Causing the audience in Brendle Recital Hall to erupt with laughter over and over again, the Lilting Banshees hosted their first show of the semester, “Lilting Banshees: Classics,” on Jan. 24. As the title suggests, the comedy troupe performed revamped versions of sketches from the past 15 years.
Senior Alec Gannon, the director of Banshees, said the decision to showcase past material was inspired by a 25-year reunion hosted by the troupe in 2019.
“That weekend, the former Banshees performed a few of the sketches that we featured in this past show,” Gannon said.
“I think our troupe really looked up to those alumni, and we were pleasantly surprised to discover that their sense of humor isn’t so different from ours — Banshees will be Banshees. We loved their jokes, and we wanted to pay homage to the Banshees that made the troupe what it is today,” Gannon said.
The show, which sold out in hours, was comprised of 14 sketches written by alumni. Normally, the current members write the sketches themselves — bouncing ideas off of each other until they are satisfied with the final product. Senior Grace Franzese said that performing the old sketches was completely different than taking the stage with material they wrote themselves.
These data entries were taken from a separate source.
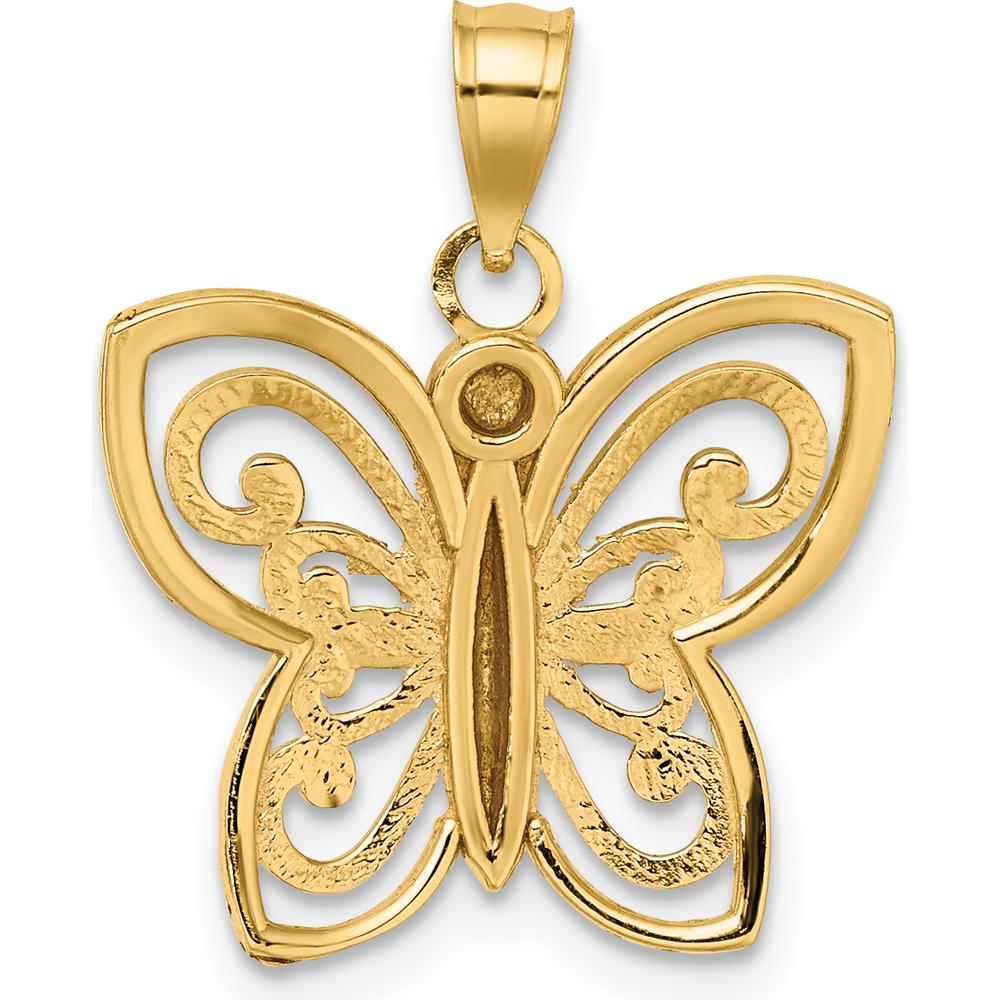 14K Yellow Gold and White Rhodium Diamond-cut Butterfly Pendant - 19.7mm Length by Oro Pregiato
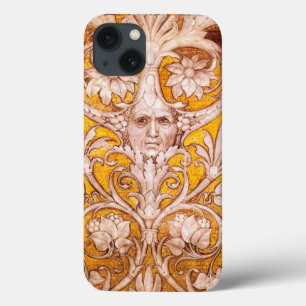 ルネッサンスグロテスク顔と金ゴールドホワイトフローラ iPhone 13ケース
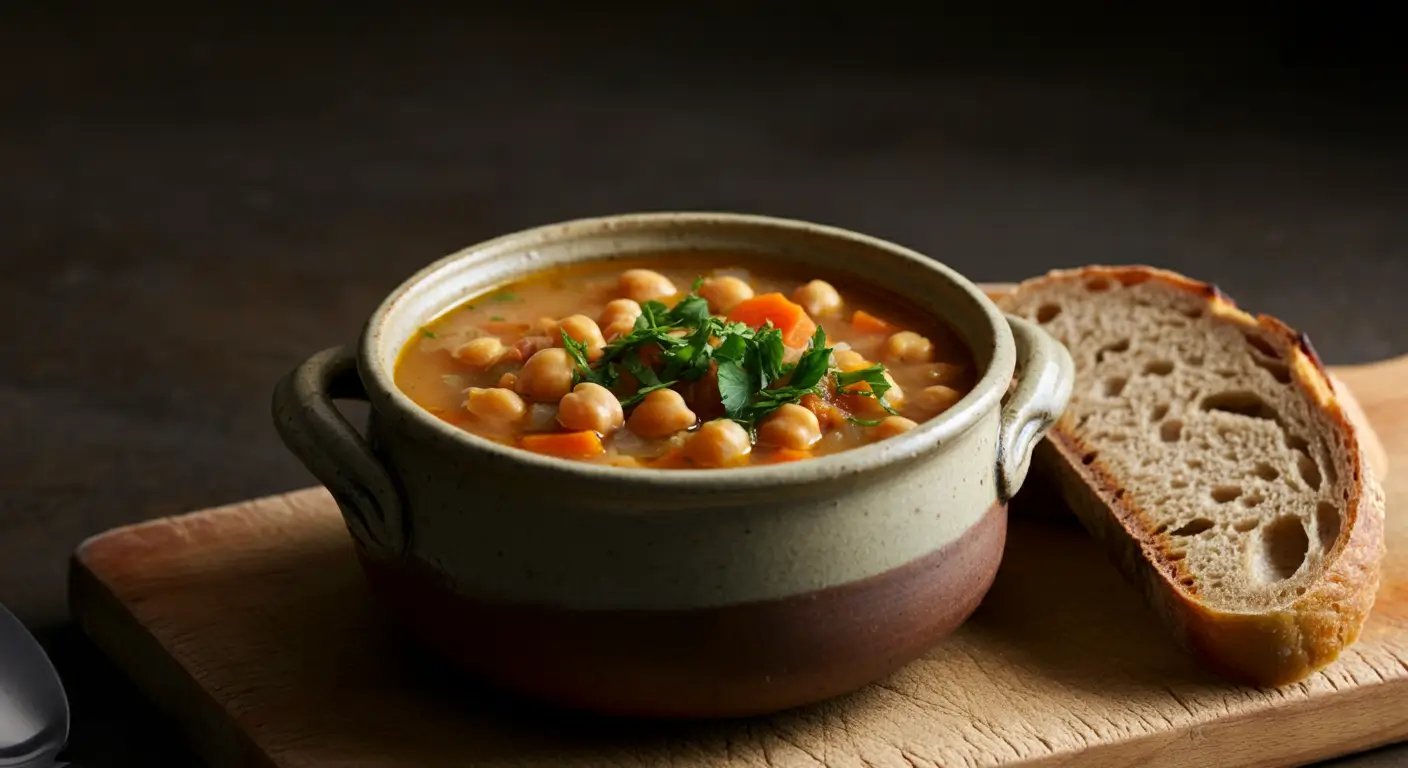 chickpea soup with parsley and bread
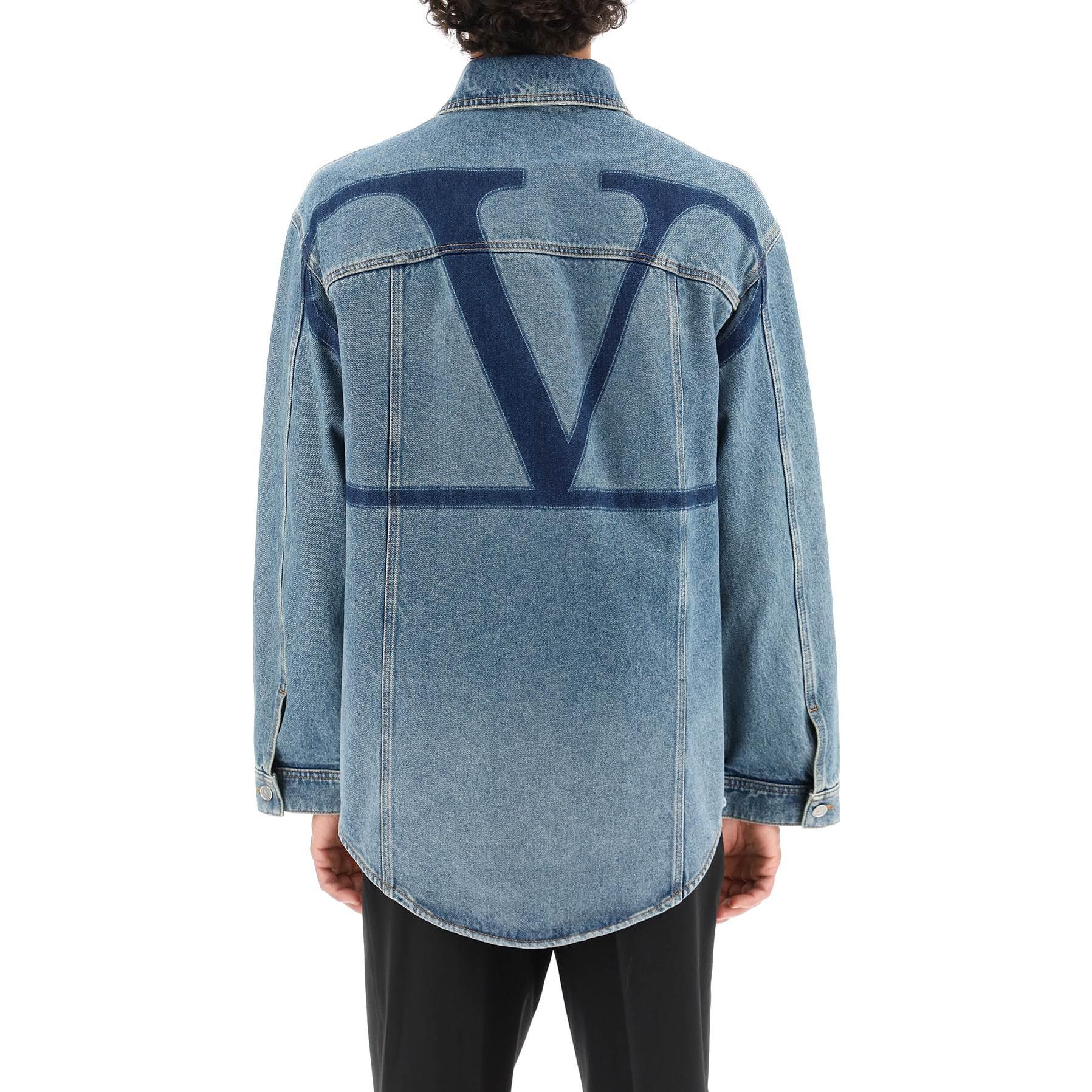 Shop Valentino Jaket Denim Potongan Longgar Lengan Panjang Biru Berbutang Depan 1V3DB01R8K1-BBW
“Doing our own stuff, and having it be on stage for the very first time, is way more personal. I think most of us feel way more attached to it. But it was exciting going through the sketches of Banshees past and putting together a show with it,” Franzese said.
Junior Mariana Trabanino echoed this same idea.
“It was interesting because there was that expectation to perform it how it was performed back then, but once you got comfortable with your character you kind of played around with it and made it your own,” she said.
Gannon explained that the rehearsal process for the Classics show did not differ much from their usual approach.
“It still took memorizing lines, practicing blocking, gathering props. However, what made this show easier, is that for some sketches, we could go back and ‘watch the film’ if we needed to,” Gannon said. “I think we took old sketches and wanted to slap this current troupe’s stamp on it. But at the end of the day, we were standing on the shoulders of some really funny people.”
Riffing on a presidential debate, the first performance of the night was also one of the most recently written. Featuring two sorority girls competing to be the newest Sigma Alpha Epsilon little sister, the sketch was from Franzese’s first year in Banshees.
“All of the original actors from that sketch were people who were in the troupe with me my freshman year,” Franzese said. “Apparently the original version was nothing like it, and they overhauled the whole thing the night before they voted on the show for that semester.”
Some of the oldest sketches of the night elicited the best responses from the crowd. A play on Beauty and the Beast, the Banshees performed a musical titled “Biddie (Sophomore Alexandra Karlinchak) and the GDI (Freshman Tommy Murphy)” that was almost 10 years old. With characters like “Fratston” (Senior Cooper Blaze) and university-niche jokes about being unaffiliated, it felt like the sketch could have been written days before the show.
Also a decade old, “Dean Shore (Junior Joey Smuckler) v. Sheen Dore (Blaze)” was another example of the common sense of humor that Gannon described earlier. Lovingly parodying the university’s barber, knowing that the sketch was written years ago emphasized the sense of nostalgia that ran throughout the production.
When asked about their favorite moment of the night, Gannon, Franzese and Trabanino all had the same answer: the ending of the sketch “Wanna See My Secret Box.” Originally written in 2005, a student (Sophomore John Paul Jeanes) accuses his roommate (Sophomore William Bradford) of looking through his secret box and proceeds to share a letter he wrote of having a crush on him. The roommate admits that the feeling is mutual, and they ended up improvising a kiss right before the auditorium went black.
“None of us knew the end of that sketch was coming, and backstage we were all having the same feeling as the audience: ‘Oh my god are they gonna kiss?’ Obviously I’ve read the script and seen the whole show rehearsed a bunch of times, so usually the only thing new to me by show night is how the audience reacts to it,” Franzese said. “It was fun to have something on stage, in front of a whole crowd, that surprised even me.”
Although he was hesitant to name his favorite sketch, Gannon ultimately shared a similar sentiment to Franzese about the excitement surrounding the brazen kiss.
“To hear everyone in Brendle cheer like crazy for those kids would make any director proud,” Gannon said. “I love this troupe, and every kid in it.”